## Saturday, 17 March 2012

### Projectile

If a body is thrown up in the air such that it deviates from simple one dimensional motion, it is termed a projectile. The analysis of motion associated with a projectile is known as projectile motion The path followed by a projectile is called its trajectory, which is directly influenced by gravity.
The initial velocity v0 can be written as

$v_0=v_{0x}\mathbf{i} + v_{0y}\mathbf{j}$
The components v0x and v0y can be found if the angle θ0 is known:
$v_{0x}=v_0\cos\theta_0$
and
$v_{0y}=v_0\sin\theta_0$
The horizontal motion and the motion are independent of each other ; that is, neither motion affects the other.
Since there is no acceleration in the horizontal direction, the horizontal component of the velocity remains unchanged throughout the motion.
The vertical motion is the motion of a particle in free fall.

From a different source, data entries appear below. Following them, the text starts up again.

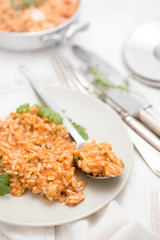 rice with fish and seafood on plate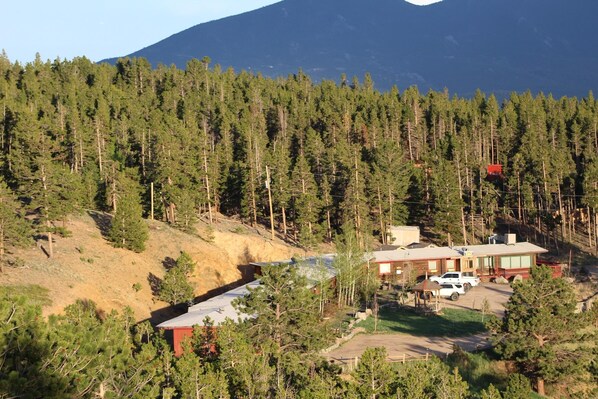 A residential area with a house, a car, and a forested hillside. - Sundance Lodge (Nederland)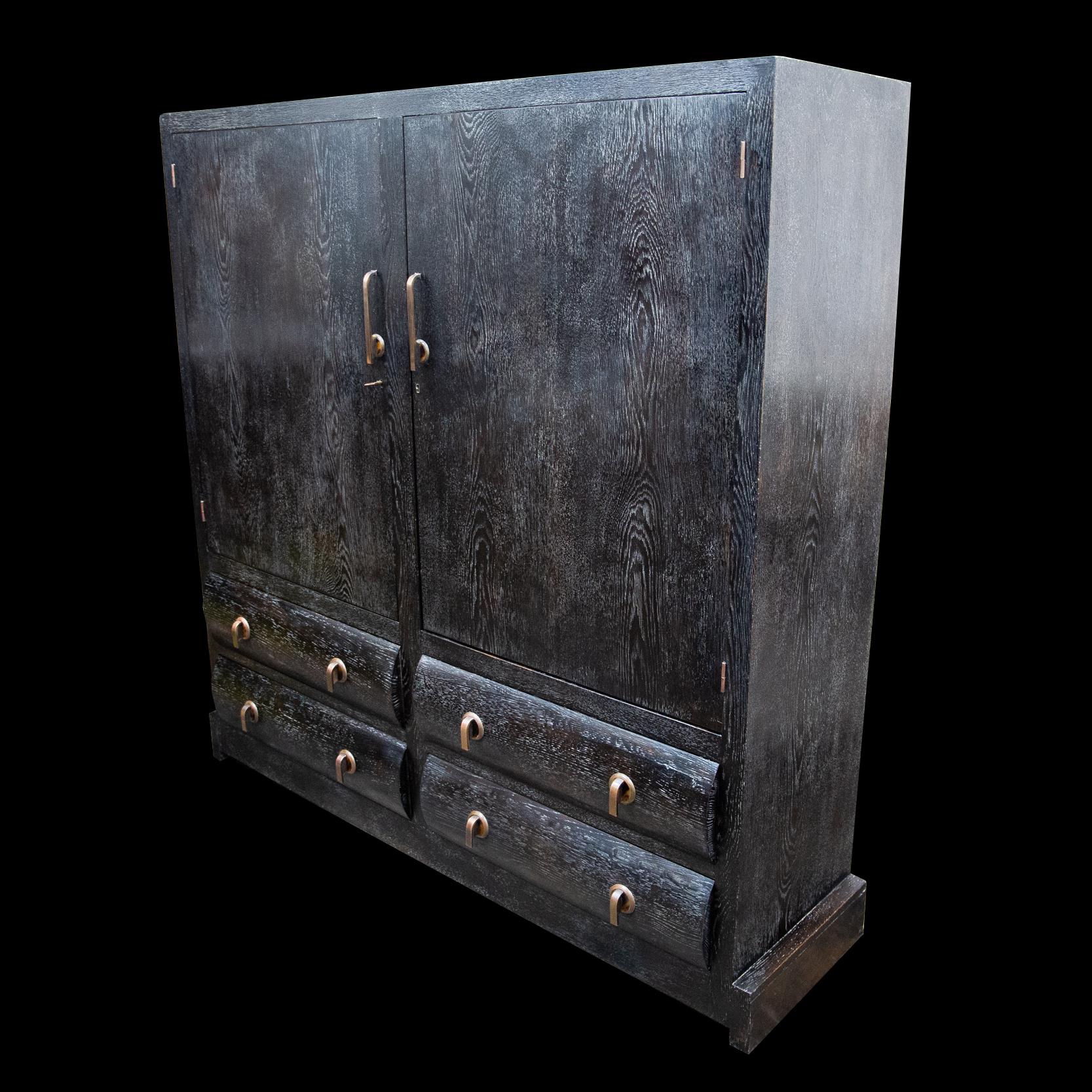 An important beautifully made brushed oak cabinet with superb original and unusual bronze ornamentation with inlaid faux tortoiseshell. Almost certainly a commissioned unique piece of the period. The top main section comprised of two large lockable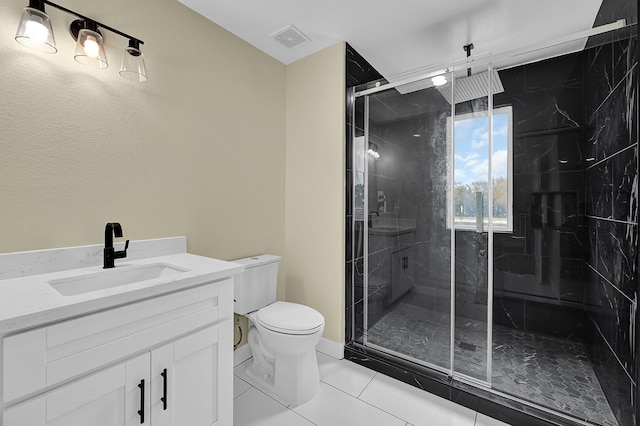 bathroom featuring walk in shower, tile patterned floors, toilet, and vanity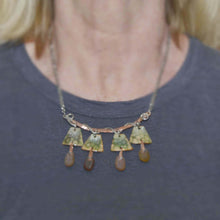 Load image into Gallery viewer, Statement necklace in mixed metals of sterling silver and copper with green tortoise motif enameled copper dangles holding amber sea glass with sterling silver rivets.
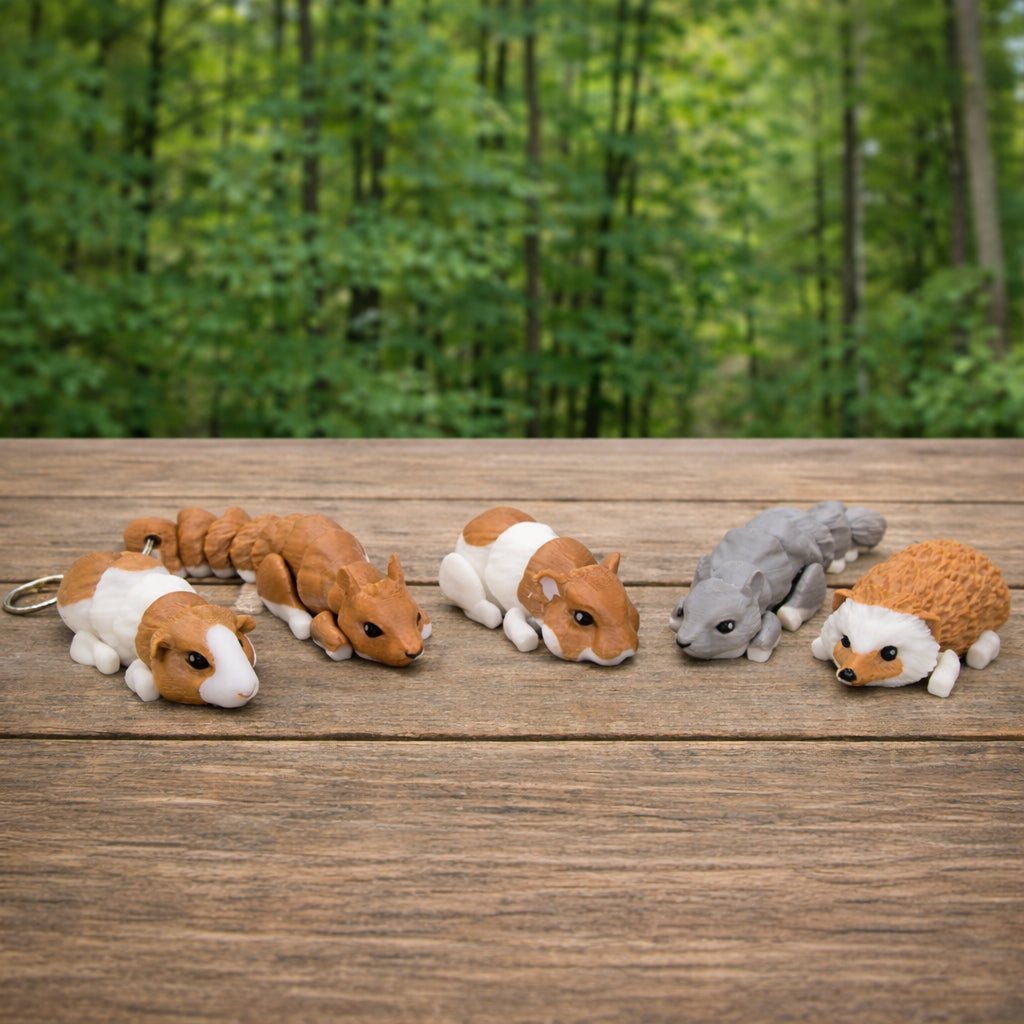 Set of five articulated mini animal toys on a wooden surface, including guinea pigs, a squirrel, and a hedgehog, shown outdoors with a blurred green forest background.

Equations for free fall apply. For example, $y-y_0=(v_0\sin\theta_0)t-\tfrac{1}{2}gt^2$. Other useful equations for the vertical y-axis are $v_y=v_0\sin\theta_0-gt$, and $v_y^2=(v_0\sin\alpha_0)^2-2g(y-y_0)$.
Eliminating t between the following two equations, $x-x_0=(v_0\cos\theta_0)t$ and $y-y_0=(v_0\sin\theta_0)t-\tfrac{1}{2}gt^2$, we obtain the equation of the path (the trajectory) of the projectile:
$y=x\tan(\theta)-\frac{x^2g}{2v^2_{0}cos^2 \theta}$
Time to reach the maximum height
$t={v_{0y}\over g}$
Time to reach ground
$t={2v_{0y}\over g}$
Displacement in X direction
$\Delta x={v_{0x}t}$
Displacement in Y direction
$\Delta y={v_{0y}t-{\tfrac{1}{2}}gt^2}$
Range of projectile
${r=\frac{v^2}{g}\sin(2\theta)}\,$
Maximum height
$y_{max}={{v^2\sin^2\theta}\over 2g}$